What growing up by the sea does to you

Alee Ades
four corners
Published in
3 min readApr 24, 2016

The truth is that as a child you take the sea for granted. The sea is there, and the sea is female. You may or may not be able to see her from your bedroom window, you may or may not be able to return to her every day, but she is there.

I don’t remember the exact moment that I absorbed that the sea is ever-present, just as I don’t remember the exact moment I accepted that the sky is on most days blue. But on that momentary, unconscious realisation that the sea is there, the sea becomes part of your soul, part of your very being.

Truth #2 is that you don’t really realise how much the sea changes you until you spend some time at a place without sea, until you meet people who have not grown up by the sea. That’s when you see the difference. That’s when you realise that the colour blue means something entirely different to you, and it’s a different colour altogether that you associate with this word. For you, there are so many different shades of blue, but the very basic blue is that clear, deep and enchanting but not too dark colour of the water roughly 100 yards from the shore.

And then comes the gradual but nonetheless surprising realisation that the word summer also means something entirely different to you. Summer is blinding yellow, it is scorching sand and you’re barefoot, it is dried salt forming white patches and a second skin all over your sunburned body, it is dry hair and unbelievable humidity. The word summer is thereby synonymous with the words Saturday, Sunday, weekend, trip, holidays, peace, ice cream, freedom, love.

When you do leave home for a place without sea comes a very subtle but very distinct and confusing pain. Your eyes squint. You lose sense of direction. You lose your point of reference. And one day you unconsciously bring the sea closer to you, behind some buildings in your neighbourhood, accepting that she is there but simply out of view, and go on with your life. What remains shocking to you, however, is how there can be a horizon without one component of it being that beautiful blue water.

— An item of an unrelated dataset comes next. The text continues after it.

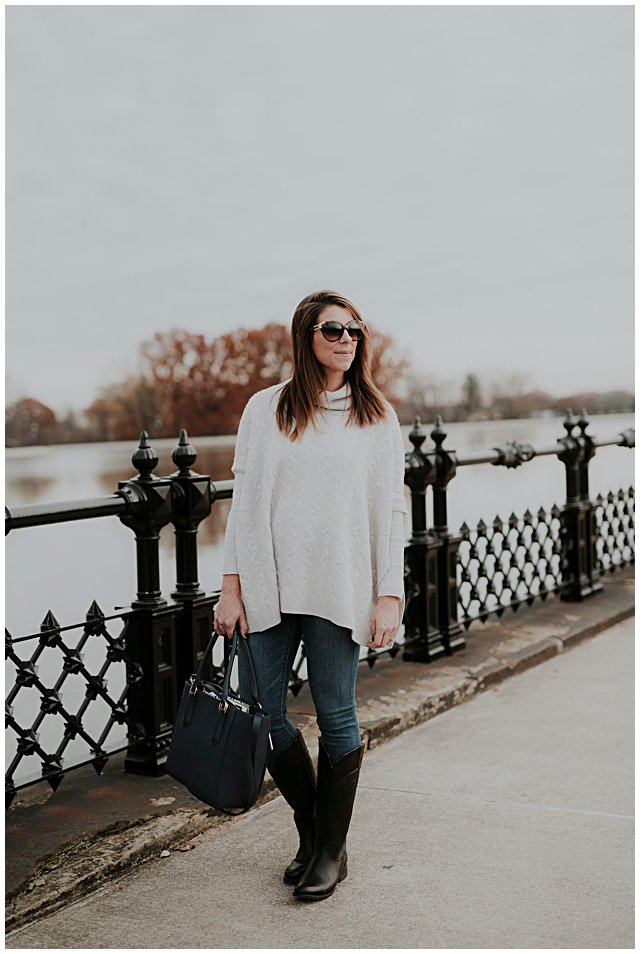 winter-outfit-inspiration-cable-knit-poncho-justin-riding-boots_1742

Growing up by the sea does not really change you. It defines you. Every given winter when the water is too cold you feel somehow incomplete, as cliché as this may sound. Your skin aches for the salt and the sun and the sea and the summer and all that beauty described by words which sound like white foam. Until time comes for that first dive, and every first dive of each year is a return home. It is rebirth. It is freedom. It is falling in love all over again. It re-establishes a connection that was never really lost but laid dormant until the first sign of a rise in temperature awakens it once more.

There is no better place, there is no other place to be truly happy than by the sea. There is no other place to cry than by the sea, no other place to clear your mind, to make up your mind, to sleep, to go for a walk, to have an early-morning coffee, a late-night beer, a first date, a first dance, a first kiss, a second kiss, to have breakfast or lunch or dinner, to spend Saturday or Sunday or Tuesday or any other day or birthday or Christmas or New Year’s at 7 a.m., to dream and to love than by the sea.

And what’s truly beautiful is the realisation that you are taught none of these things. And if you’re lucky to have children of your own one day, you won’t teach these things to them either. No. You will simply point out the little facts or myths passed down to you which may or may not have any sense of truth in them, namely, that if they have sore muscles they should swim to feel better. If they have backaches they should walk barefoot on pebbles. If they’re feeling ill they should inhale saltwater.

There won’t be any teachings of beauty, of true magic, of respect or humility. You know better than to think you can teach anything that a newborn won’t learn from the first sea breeze that will gently caress his cheeks.